Records provided START

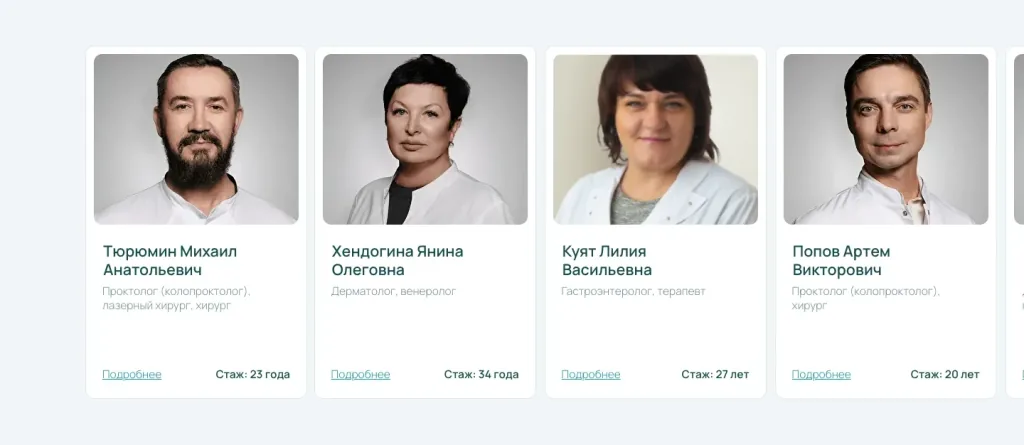 Лента врачей на сайте клиники BIORISE: фото, специальность и стаж на карточке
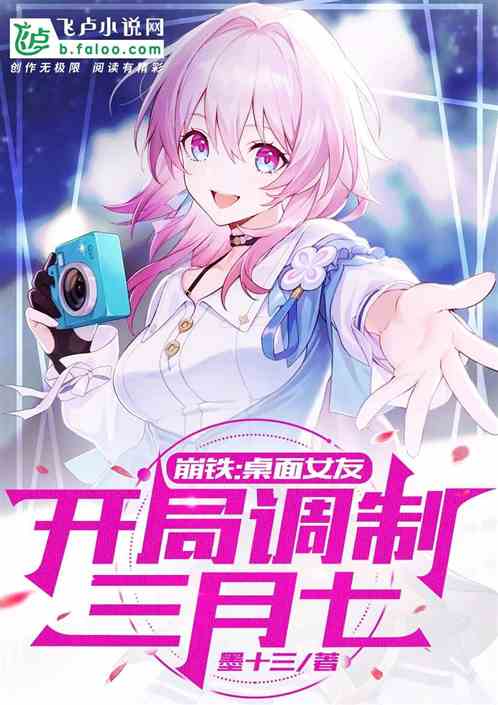 崩铁:桌面女友,开局调制三月七 崩铁:桌面女友,开局调制三月七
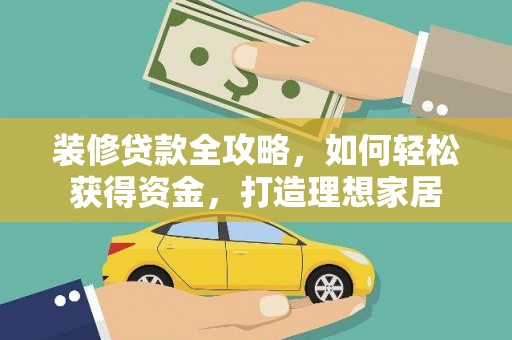 赫山装修贷款全攻略，如何轻松获得资金，打造理想家居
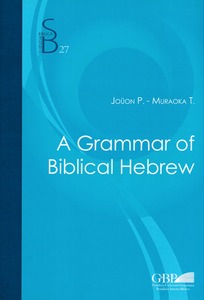 A Grammar of Biblical Hebrew (Subsidia Biblica 27) 封面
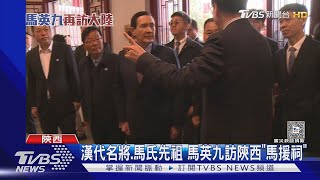 訪陝西尋根. 拜馬援祠 馬英九: 難掩內心激動｜TVBS新聞 @TVBSNEWS01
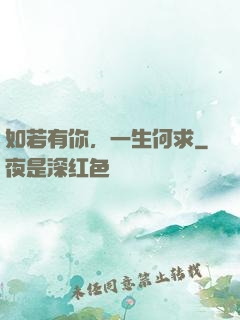 如若有你，一生何求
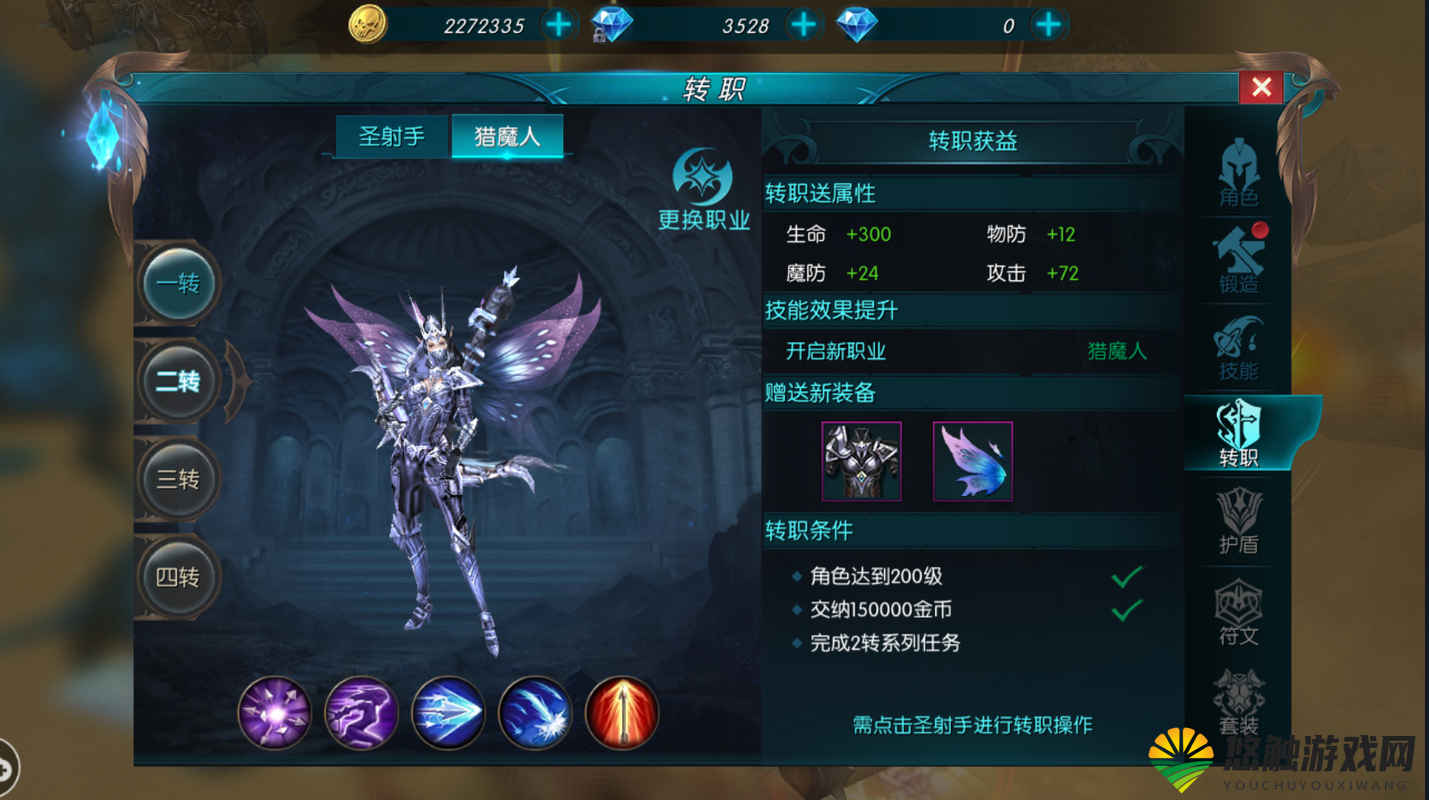 挂机破坏神弓手转猎魔系职业技能解析
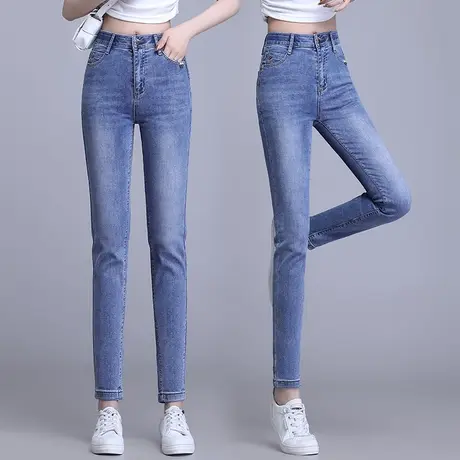 蓝色牛仔裤女初秋2023新款高腰弹力修身小脚裤时尚妈妈显瘦铅笔裤图片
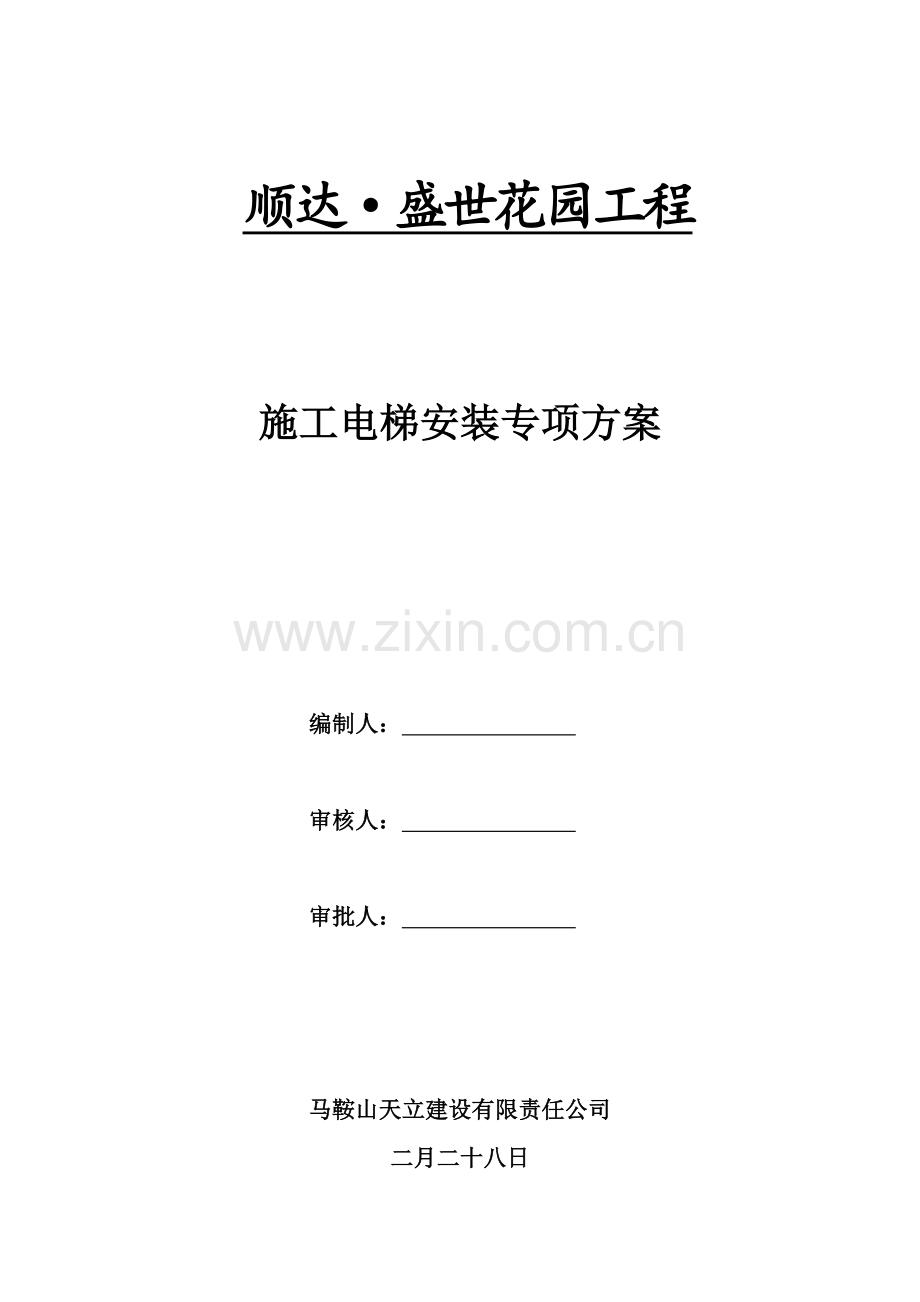 地下室顶板上综合施工电梯专项综合施工专题方案.docx_第1页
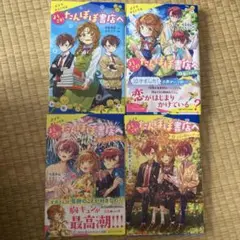ようこそ！たんぽぽ書店へ　全巻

Records provided END

What this task involves:
Output all the records, word for word, with no pictures in the copy.

Result below:
 Лента врачей на сайте клиники BIORISE: фото, специальность и стаж на карточке
 崩铁:桌面女友,开局调制三月七 崩铁:桌面女友,开局调制三月七
 赫山装修贷款全攻略，如何轻松获得资金，打造理想家居
 A Grammar of Biblical Hebrew (Subsidia Biblica 27) 封面
 訪陝西尋根. 拜馬援祠 馬英九: 難掩內心激動｜TVBS新聞 @TVBSNEWS01
 如若有你，一生何求
 挂机破坏神弓手转猎魔系职业技能解析
 蓝色牛仔裤女初秋2023新款高腰弹力修身小脚裤时尚妈妈显瘦铅笔裤图片
 地下室顶板上综合施工电梯专项综合施工专题方案.docx_第1页
ようこそ！たんぽぽ書店へ　全巻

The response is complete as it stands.